• [Instructions to follow]: In the listing below, find every line with the string "online" and pull it out.

• [Data extracts]:

━━━━━━

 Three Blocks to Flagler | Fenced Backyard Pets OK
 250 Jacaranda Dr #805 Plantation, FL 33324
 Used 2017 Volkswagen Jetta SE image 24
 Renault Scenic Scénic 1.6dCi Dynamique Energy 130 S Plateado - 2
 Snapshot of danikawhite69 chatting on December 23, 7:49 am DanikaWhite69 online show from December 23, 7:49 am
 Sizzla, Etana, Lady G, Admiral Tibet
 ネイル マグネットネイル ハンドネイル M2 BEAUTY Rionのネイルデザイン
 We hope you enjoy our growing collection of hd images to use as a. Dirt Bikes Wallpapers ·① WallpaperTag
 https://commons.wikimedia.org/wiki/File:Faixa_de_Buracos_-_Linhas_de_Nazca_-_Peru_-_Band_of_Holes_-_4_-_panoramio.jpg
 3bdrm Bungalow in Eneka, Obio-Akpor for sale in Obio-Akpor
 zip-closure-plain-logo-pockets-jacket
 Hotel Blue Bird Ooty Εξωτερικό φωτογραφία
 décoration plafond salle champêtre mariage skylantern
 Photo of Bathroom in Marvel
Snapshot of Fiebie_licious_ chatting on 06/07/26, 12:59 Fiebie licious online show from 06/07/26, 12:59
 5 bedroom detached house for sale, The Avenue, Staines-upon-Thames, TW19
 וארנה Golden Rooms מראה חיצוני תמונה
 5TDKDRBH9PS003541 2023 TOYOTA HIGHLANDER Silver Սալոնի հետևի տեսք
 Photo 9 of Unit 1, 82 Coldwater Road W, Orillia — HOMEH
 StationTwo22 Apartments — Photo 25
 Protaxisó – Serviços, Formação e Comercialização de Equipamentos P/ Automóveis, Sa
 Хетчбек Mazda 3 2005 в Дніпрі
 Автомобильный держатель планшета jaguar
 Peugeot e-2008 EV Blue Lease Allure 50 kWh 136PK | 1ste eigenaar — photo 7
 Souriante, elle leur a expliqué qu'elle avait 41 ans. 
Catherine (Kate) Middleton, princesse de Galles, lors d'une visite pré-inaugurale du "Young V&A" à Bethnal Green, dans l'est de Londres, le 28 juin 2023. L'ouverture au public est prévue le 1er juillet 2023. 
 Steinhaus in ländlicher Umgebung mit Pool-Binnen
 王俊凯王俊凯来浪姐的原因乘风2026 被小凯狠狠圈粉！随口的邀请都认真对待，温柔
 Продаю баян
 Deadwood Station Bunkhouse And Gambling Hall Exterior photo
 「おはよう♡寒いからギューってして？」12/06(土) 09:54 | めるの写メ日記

━━━━━━

• [Expected output]:
 Snapshot of danikawhite69 chatting on December 23, 7:49 am DanikaWhite69 online show from December 23, 7:49 am
Snapshot of Fiebie_licious_ chatting on 06/07/26, 12:59 Fiebie licious online show from 06/07/26, 12:59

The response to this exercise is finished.